One of our notable retail customers, for example, discovered that older shoppers are much more likely to carry out voice searches onsite, while bargain hunters were overrepresented in voice search queries. Understanding this information empowered the retailer to personalise their onsite voice search experience based on specific customer tastes and behaviour traits. By identifying customer segments, shopping contexts and popular product categories in the voice search process, the onsite search experience can be optimised to incorporate relevant consumer needs.

Voice Search versus Text Search

Analyse your onsite search experience to test out when users engage in voice searches versus traditional text searches. One prominent retailer who recently started to offer a voice-enabled search experience for their online store saw interesting results: users first turned to voice search once they could not find their items via the classic search bar. Using voice to initiate a dialogue once you recognize that consumers do hit a wall with your onsite search experience could be a great use case when it comes to optimising your onsite experience for voice recognition searches. By flagging search queries that are causing customers to disengage or identifying areas where customers are more likely to engage in voice searches versus text, the onsite search experience can be optimised accordingly to cover these relevant use cases.

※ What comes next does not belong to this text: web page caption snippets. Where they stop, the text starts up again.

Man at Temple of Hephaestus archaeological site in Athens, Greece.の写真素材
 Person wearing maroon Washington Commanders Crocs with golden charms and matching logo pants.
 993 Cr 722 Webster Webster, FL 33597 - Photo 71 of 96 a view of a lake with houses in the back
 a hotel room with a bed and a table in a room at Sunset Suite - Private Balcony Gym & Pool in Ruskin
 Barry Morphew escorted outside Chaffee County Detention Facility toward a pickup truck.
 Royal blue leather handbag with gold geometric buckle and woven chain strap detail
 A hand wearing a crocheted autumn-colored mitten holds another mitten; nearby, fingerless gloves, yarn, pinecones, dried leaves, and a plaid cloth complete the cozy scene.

Matching Queries with Intent

But turning a voice searcher into a satisfied customer lies more in your ability to match voice search queries with customer intent. By serving relevant products to your shoppers in the onsite voice search process, they are much more likely to make a purchase. Analysing customer browsing and purchasing behaviour, along with contextual data about their real-time search sessions can help you to personalise the voice search experience to better match their needs. Utilise data on past purchases, brand affinities and current session information to guide customers to products that are tailored and personalised.

Automated technologies often prove their worth here because they enable brands to personalise voice search results automatically based on data, while giving retailers the ability to adapt search results according to different touchpoints and device types, like mobile or voice-enabled devices, as well as customer segments – particularly useful if you are a large international retailer with a vast product inventory.

The key to perfecting a shopper’s onsite voice search experience, therefore, isn’t just about the back-end optimisation of your website, or quick-fire schema markup. It has much more to do with the fundamental basics of any good customer-focused strategy – finding out what your customers love and showcasing relevant products in the process, in an intuitive manner.